Getting more specialized

Paul Baker’s Print Management Consultancy (PMC) helps major brands with their packaging needs. He certainly knows the field: he spent 30 years working on packaging tech for Procter & Gamble (P&G). Paul says the rise of these societal sub-groups are a key driver of the intensifying of product diversification he’s seen over the past five-to-10 years.

School lunch box with sandwich, vegetables, juice and almonds on table. Healthy eating habits concept.

“There’s been this shift from mass market to focusing on specialised communities and individuals,” he says. “And brands have had to work out how to tailor their products to better meet the needs and address the passions of those communities. So you’re seeing more flavours, more products specific to target specific needs, which is leading to this proliferation of SKUs.”

But this isn’t exclusively consumer-led. At a time when brands are realising just how powerful packaging is as a brand tool, they have to diversify to get that coveted visibility on shelf. While it’s often small, dynamic companies that have the nimbleness to latch on to changing tastes, launching innovative new brands, these soon become familiar and desired by consumers. At which point innovation in these new SKUs becomes an instrument the big brands can leverage to get coveted growth at a time when margins are squeezed. And so the trend towards more niches and diversification gets even stronger.

While this is all great for the shiny-haired gluten-intolerant vegan singletons with out there, spare a thought for the likes of Colombia’s Litoplas. As brands scramble to meet consumer demand – and create it in myriad ways – they’re passing complexity along the supply chain.

The challenge

Litoplas certainly isn’t the only printer to have noticed the challenge of shorter run lengths. Paul Baker recalls one supplier of pressure-sensitive labels telling him that the print run for some SKUs can now last less than ten minutes. The actual set-up takes far longer.
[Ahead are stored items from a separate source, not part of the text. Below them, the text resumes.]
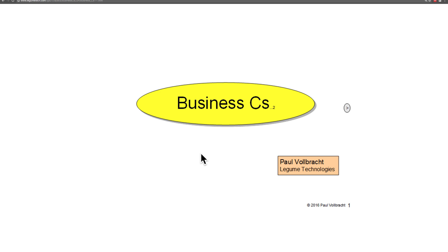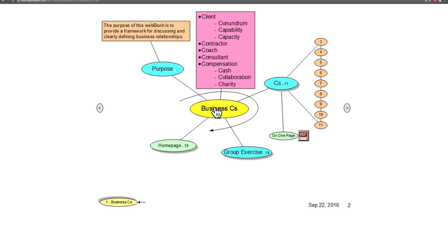This is an overview of the Business C's web book. The purpose of this web book is to provide a framework for discussing and clearly defining business relationships.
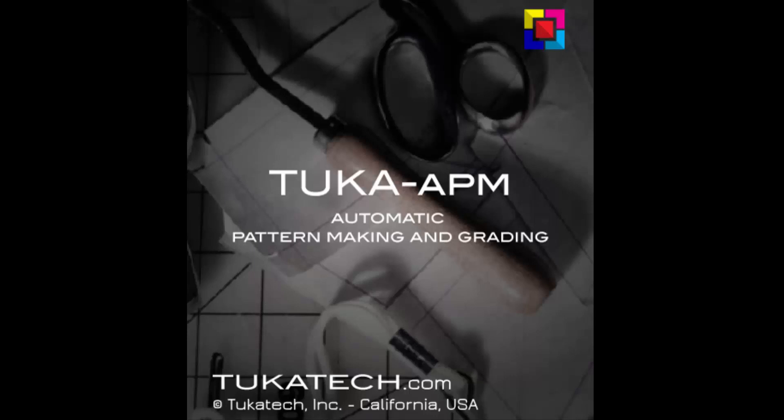Tuca APM or Tuca Automatic Pattern Making is a unique breakthrough technology that can be added to Tuca Design. The additional module can create patterns automatically with or without grading.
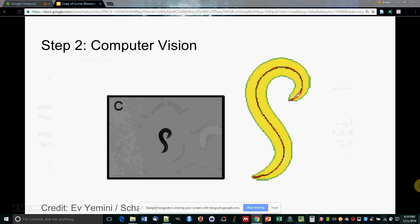Step two is to take the raw videos of that worm behavior and segment them into time series arrays of skeleton and contour positions.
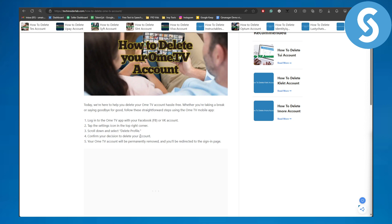Once you confirm, your Omi TV account will be permanently removed and you will be redirected to the sign-in page. There is no wait time like Facebook or Instagram, so you should keep that in mind before deleting your account.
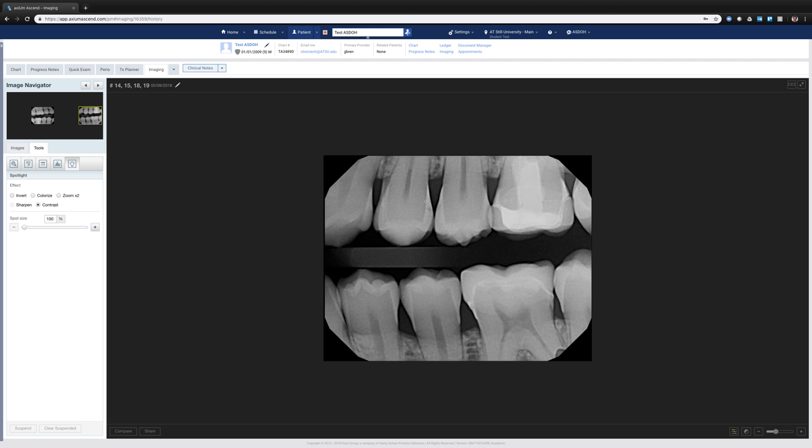So as you're wanting to investigate, maybe I think this is curious, maybe not, I can come in and as I click, because of the spotlight effect I've chosen, I can see with contrast.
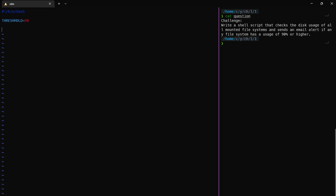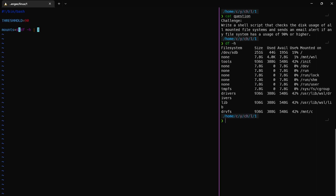First we're going to get all disk usage. We create mounts. For this we're using df -h to get the percentage of kilobytes or gigabytes. If we use df -h, it shows us all our filesystems that are mounted.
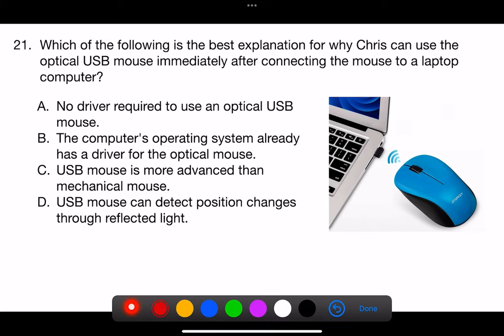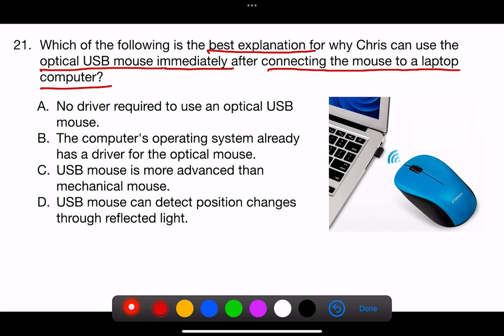Question 21. Which of the following is the best explanation for why Chris can use the optical USB mouse immediately after connecting the mouse to a laptop computer? A. No driver required to use an optical USB mouse. B. The computer's operating system already has a driver for the optical mouse.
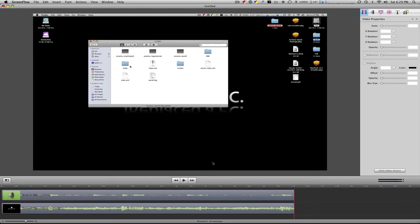This is Maxintosh Productions, and today I'm going to show you the best export settings for ScreenFlow.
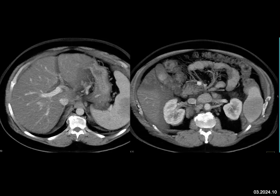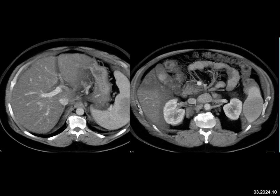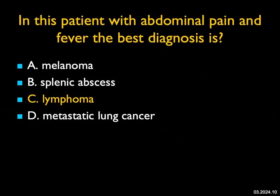In this patient with abdominal pain and fever, the best diagnosis: the liver looks irregular in texture, there are peripancreatic and periaortic nodes, and several masses in the spleen. Melanoma can cause this, and splenic abscess is a consideration — but we're talking about at least two lesions and it would likely not explain the adenopathy; splenic abscesses are also more cystic. Metastatic lung cancer is a theoretical possibility but unlikely. The best diagnosis is B-cell lymphoma, which can involve only the spleen, have single or multiple lesions, and also show adenopathy.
There’s also the issue of waste. More changeovers means more waste, which forms a larger proportion of cost as runs get shorter. And, says Luis, there’s the threat of plate waste too.
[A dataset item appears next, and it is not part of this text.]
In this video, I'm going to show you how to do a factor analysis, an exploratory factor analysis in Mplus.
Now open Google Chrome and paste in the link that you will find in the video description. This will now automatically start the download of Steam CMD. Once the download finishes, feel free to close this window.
“When we’re talking about short runs – of less than 15,000 meters – the plates play a critical role,” he says. “They become the third most costly element of the total price. If I’ve constructed a plate, I want it to last as long, and handle as many meters, as possible. But there’s one thing that wears the plate a lot: mounting and demounting. When I go to shorter runs I have to do more of that, which adds to the wear. So thanks to diversification, I may end up with higher plate waste than I actually forecast. That’s a big thing.”

Extended benefits

McKinsey concluded that this proliferation in SKUs would require “creative ways to increase manufacturing flexibility”. Indeed, printers like Litoplas now need to be more agile, while remaining able to deliver more eye-catching print decoration to help brands stand out on shelf. And remember this is a highly competitive market – which means a printer may be wise to absorb these costs rather than attempt to pass them to their customer.

Or, of course, they could find another way. For Litoplas, the key was in leveraging technology.
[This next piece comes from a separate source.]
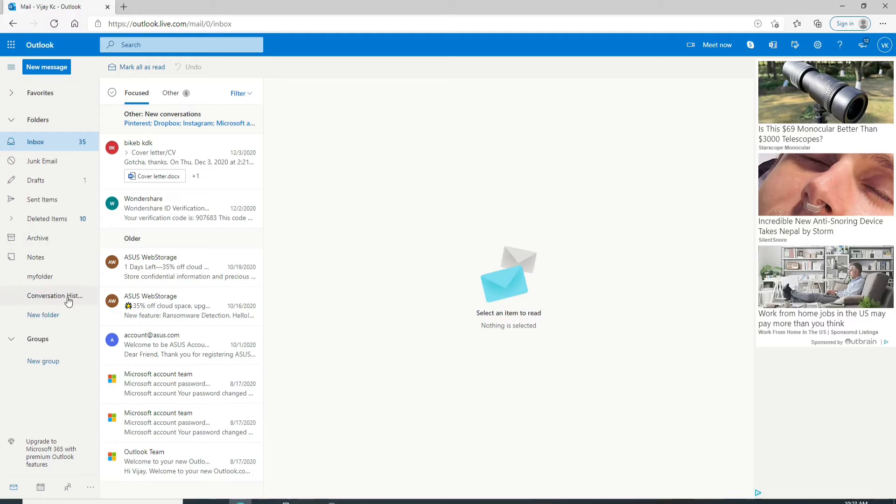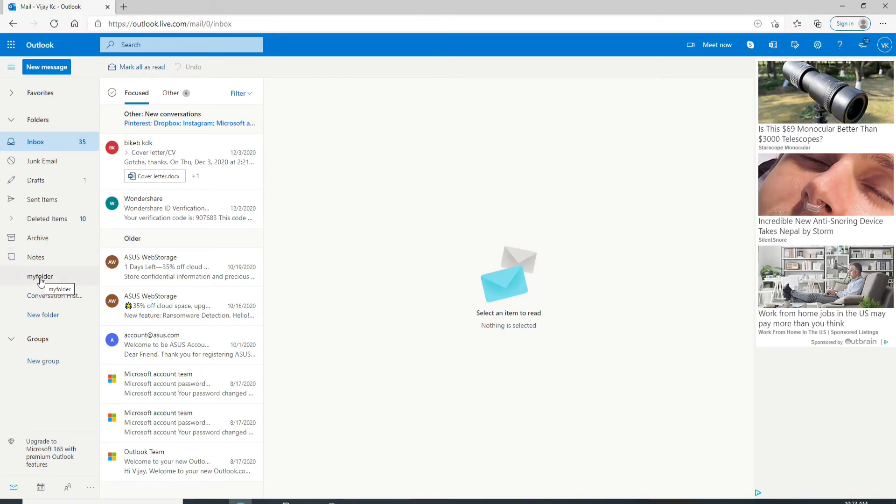You have created a folder for yourself. After you create a folder, it is added in alphabetical order below the Notes folder. Now let's try out deleting the folder.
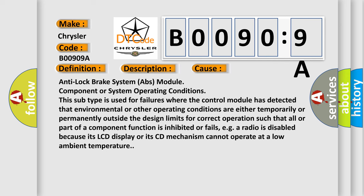Anti-lock brake system (ABS) module component or system operating conditions. This subtype is used for failures where the control module has detected that environmental or other operating conditions are either temporarily or permanently outside the design limits for correct operation.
For Luis, a key anchor in this sea of SKU proliferation has been Extended Color Gamut (ECG) printing, which he runs on KODAK FLEXCEL NX. ECG works by offering a standardized set of colors on press – and this delivers a host of efficiencies during shorter runs.

In conventional print, for example, each print job requires building up the inks specifically for that task. Which means cleaning the machine for each SKU that you print. With ECG, it’s different.

“We don’t have to clean the machine, so the changeover waste dramatically reduces,” says Luis. “With the fixed color palette of ECG, it’s the same seven colours, so if I switch from one SKU to another, I don’t have to change the inks. So ECG allows us have much more up-time with the press, so we can go on shorter runs.”

Over at PMC, Paul Baker is something of an ECG evangelist. He was heavily involved in helping to develop P&G’s strategy towards the technology, and says he’s seen more and more multinationals building ECG into their corporate plans over the last five years. Get him started on the benefits of ECG when it comes to greater SKUs and shorter runs, and his answer is a wide gamut too.

“Because you’re standardising, ECG really reduces your pre-production lead times,” he says. “You’re not having to qualify new inks every time you go to press. You’re optimising the use of the printing stations, which also leads to benefits in capacity. As you’re not having to change over any more, you can be into productive printing much more efficiently than before. You’re eliminating things like wash-out time on press, and reducing scrap during set-up, which makes you more sustainable. You’re using less ink and fewer print tools, and hopefully getting a reduction in the number of colour separations for each artwork. And it may even free up stations on a press for more value-added special effects that can help differentiate on shelf.”

This is a critical point. Packaging print isn’t just about savings. It has never been more important to reduce costs while delivering quality and impact too. And the quality of ECG print is more than up to task.

Lining up for the win

ECG offers another key benefit that can prove critical in handling increasingly diverse SKUs – the ability to combine different designs on press, what’s known as printing in lanes, or gang printing. Thanks to ECG’s consistent color palette, all the colours in the design are built from combinations of the colours within the same seven-colour set. So printers can combine different artworks on press, printing packs for a range of flavours, or other combinations of smaller volume SKUs, alongside each other on one roll, and build scale.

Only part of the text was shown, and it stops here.